Winding down the gardens.  Collected a lot of tomatoes including some nice green slicers which are now in the freezer sliced and ready to fry sometime this winter.  For the rest I have both dehydrators working and probably will for the next week.  I still have a lot of tomatoes on the vine but should get most in during the nice weather expected over the rest of the week.

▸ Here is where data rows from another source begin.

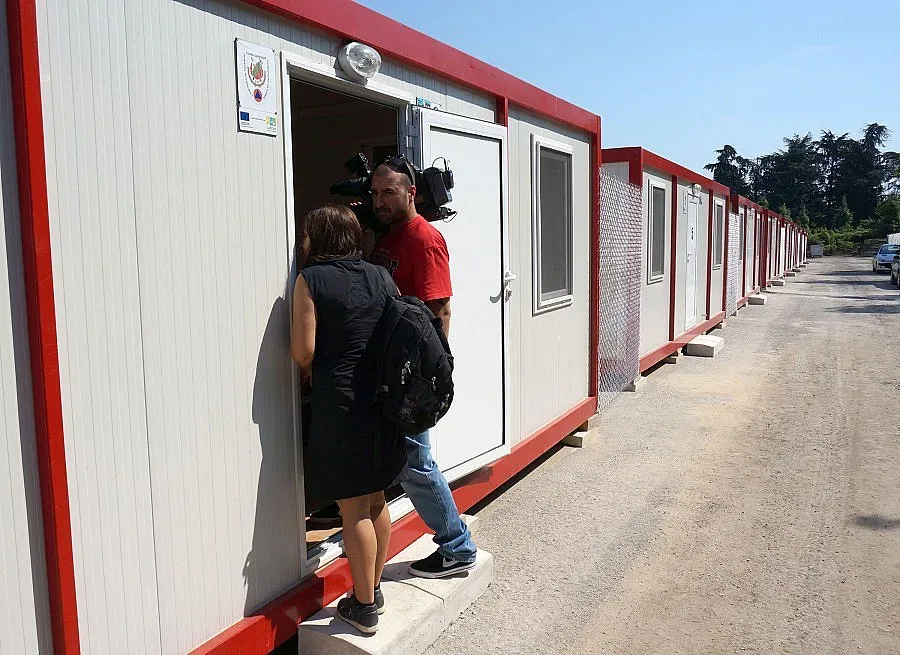 Фургони за 400 бежанци ще има в Любимец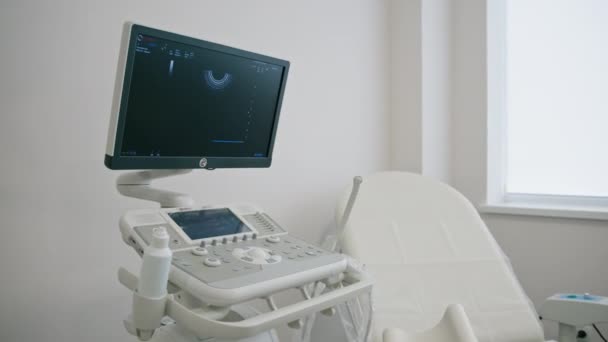Medisch Kantoor Met Echografie Diagnostische Apparatuur Kliniek Gynaecologisch Kantoor — Stockvideo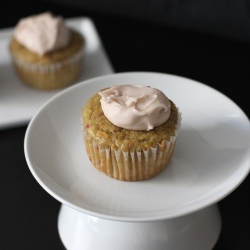 Strawberry, Mango & Avocado Cupcake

I have seen a lot of stories about the refugee crisis in Europe.  I won't link because it is, at least superficially, every where on the news and the net.  It seems the situation is widening some already large cracks in the Eurozone.  A year ago I read about the troubles Belgium was having assimilating European migrants settling there.  There were grumblings at the number of Spanish, Greek, and others from deeply depressed (economically) member countries entering northern countries.  At one point Belgium and the Netherlands threatened to set up border check points in contravention of the EU charter.  The British government has been pressing for a renegotiation of the parts of the charter allowing for free movement of all persons throughout the Eurozone.  Several countries have flat out refused to accept the Syrian refugees.

Tuesday--

I won't be doing much in the gardens today.  We have our regular shopping today so most of the morning will be doing that.  We will be busy tomorrow with non-gardening tasks so nothing tomorrow either.  I may putter for a few minutes and see if anything needs watering.

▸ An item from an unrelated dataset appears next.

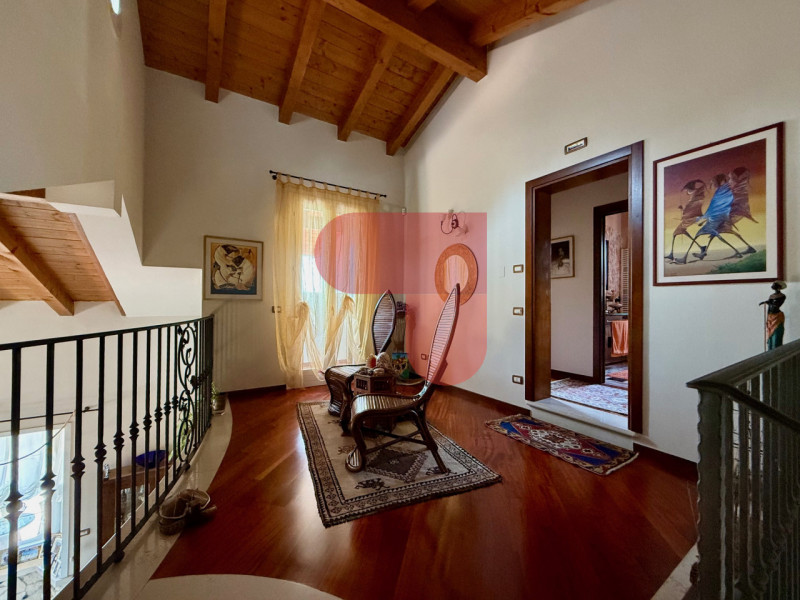 Scopri questa affascinante villa singola situata a Santa Margherita, un comune pittoresco noto pe...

I found this first off today.  I have suspected for a long time that the allure of computers for school administrators, politicians, and businesses associated with computer technology has been profits not educational efficacy.  The administrators and politicians see a cheap way to replace fractious and expensive humans with something that doesn't complain (or strike, or demand more money, or want time off every now and then) and only costs once (unless you consider costly upgrades, which they don't.)  The businesses, of course, see dollar signs.  The bottom line is expressed nicely by Andreas Schleicher:  don't banish technology but consider carefully how you use it and what you expect to get from it.  I have often felt that our technology has come to run us not the other way around.

I found this yesterday a bit too late to put it up with my comments on the refugee situation.  It took a moment for me to notice that the map was not a modern geopolitical map of Europe.  It depicts the Roman Empire and its attempts to build walls against the barbarians at their borders.  Ugo Bardi has some interesting comments on the effect of those efforts.

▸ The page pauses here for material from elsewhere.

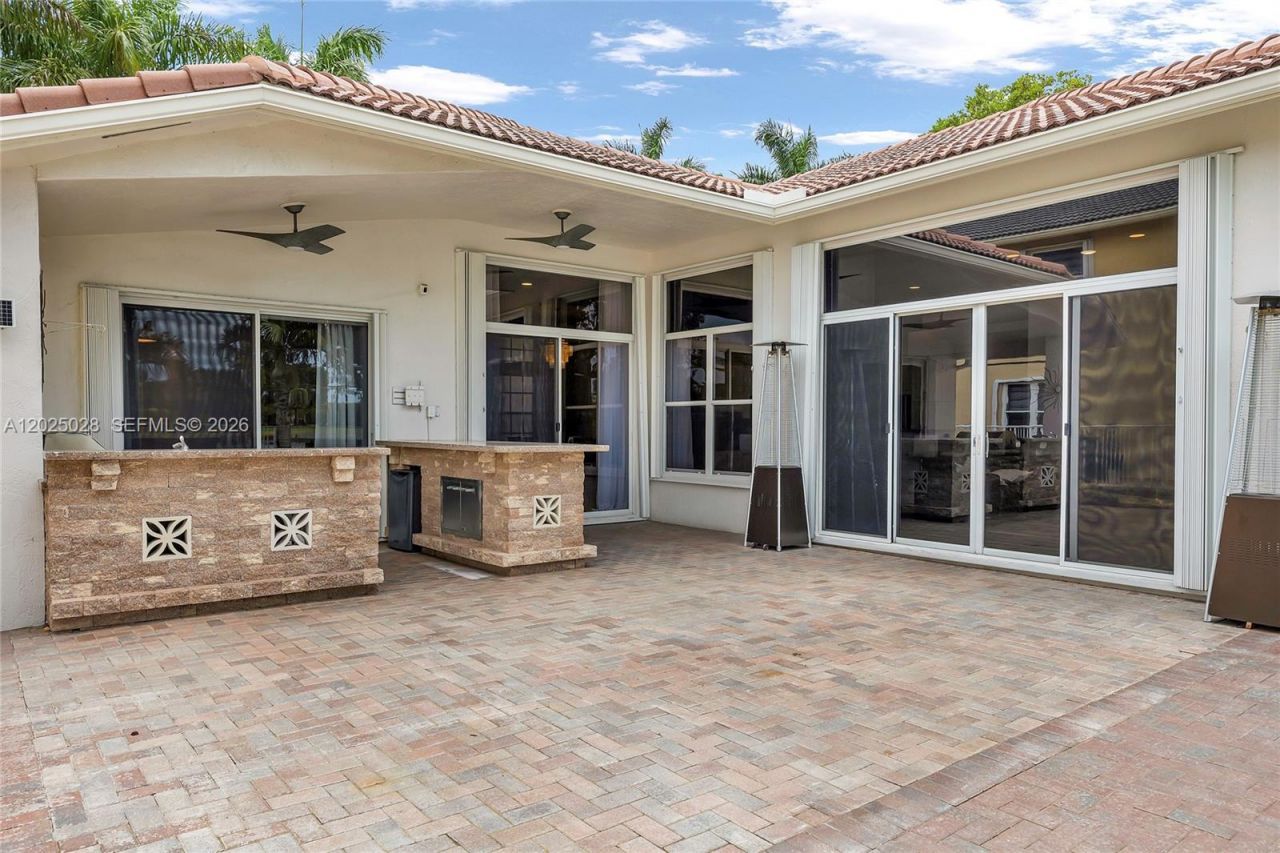 950 Marina Dr , Weston, FL 33327 Photo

The Financial Times has an op-ed that speaks to the refugee crisis but connects it to broader problems within the EU.

We aren't overly in love with Comcast either and Susie has been talking about their planned changes in their pricing schedule for a while now.  We aren't in any of the areas where they are rolling out their early version but we are already checking out what it may mean for us.  We changed our Comcast package earlier this last year with great difficulty because the rep simply couldn't understand that we actually wanted less service.  The old joke about "500 channels and not a damned thing to watch" finally stopped being funny in any way.  I wonder if this is a way recoup given that we aren't alone in this.

I do love Pope Francis.  I'd think about converting if I sympathized at all with the doctrine--and I don't.  He hits on what has been a sore spot with me for some years--religious tax exemptions.  I would also like a stricter definition of the term "religious use" that excludes mucking about in politics.